Women and Health Reform

Posted September, 4 2008 by arianne

Lois Uttley, Director of The Mergerwatch Project–and HCFANY member–wrote a fascinating article about women and health reform that highlight these grim facts:

– Women are losing job-based insurance at a rapid clip: the numbers of uninsured women rose from 18 million in 1999 to more that 21 million in 2008.

– The number of women using government-sponsored health insurance (like Medicaid) is at an eight-year high of 29.8%.

– Women of color are disproportionately uninsured: Uninsured rates for Hispanic, Black, and Asian-American women are 28.9%, 17.9%, and 15.7% respectively.

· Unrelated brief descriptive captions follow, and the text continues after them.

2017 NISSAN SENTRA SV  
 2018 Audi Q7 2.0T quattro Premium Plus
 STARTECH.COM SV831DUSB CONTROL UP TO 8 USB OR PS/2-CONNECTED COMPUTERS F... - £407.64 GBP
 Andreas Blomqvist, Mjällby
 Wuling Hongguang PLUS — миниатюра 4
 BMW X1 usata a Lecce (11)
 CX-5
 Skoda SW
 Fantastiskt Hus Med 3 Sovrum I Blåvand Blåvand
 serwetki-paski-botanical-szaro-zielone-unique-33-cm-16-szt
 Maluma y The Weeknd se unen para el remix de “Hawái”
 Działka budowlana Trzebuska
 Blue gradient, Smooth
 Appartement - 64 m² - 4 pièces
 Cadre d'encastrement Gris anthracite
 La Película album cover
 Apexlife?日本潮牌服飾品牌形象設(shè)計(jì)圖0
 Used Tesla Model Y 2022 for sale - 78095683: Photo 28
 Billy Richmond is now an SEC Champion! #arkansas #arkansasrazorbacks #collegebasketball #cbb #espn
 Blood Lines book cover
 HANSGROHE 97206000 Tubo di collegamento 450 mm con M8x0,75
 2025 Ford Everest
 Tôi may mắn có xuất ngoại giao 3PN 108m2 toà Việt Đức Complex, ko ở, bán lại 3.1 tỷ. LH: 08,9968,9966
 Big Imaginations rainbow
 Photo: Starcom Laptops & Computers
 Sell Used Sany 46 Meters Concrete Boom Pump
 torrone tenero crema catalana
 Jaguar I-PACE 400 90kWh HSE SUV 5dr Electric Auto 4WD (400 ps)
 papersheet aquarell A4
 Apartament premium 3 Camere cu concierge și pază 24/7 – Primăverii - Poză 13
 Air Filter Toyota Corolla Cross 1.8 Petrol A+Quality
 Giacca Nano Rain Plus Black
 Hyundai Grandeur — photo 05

Lois urges the electorate and policy makers to incorporate women's health needs into the health reform conversation. For the full article, please see: www.rhrealitycheck.org


Arthur Springer • Sep.23.2008 at 05:53:pm

Health care for all is not going to be achieved or sustained in an equitable and responsible fashion through this kind of divisive, propagandistic, discriminatory thinking. There are any number of good sources of material about men’s health and boys’ health available, including some barely adequate statements from the New York State Department of Health, that should be on this website, and are not. I see no point in arguing the substance of the matter to people who are not listening. The problem is the fundamental prejudice against universality and equity on the part of the special interest that has developed around the issue of women’s health and similar factions. Assembling all these fragmented special interests into another political coalition is not going to bring about health care for all. It merely reasserts a discriminatory and discredited ideology within the political class, and with no real constituency in society at large. Why has it become so difficult for health “advocates” to be fair and to express a humanistic ethic and the vision needed for serious social and political change?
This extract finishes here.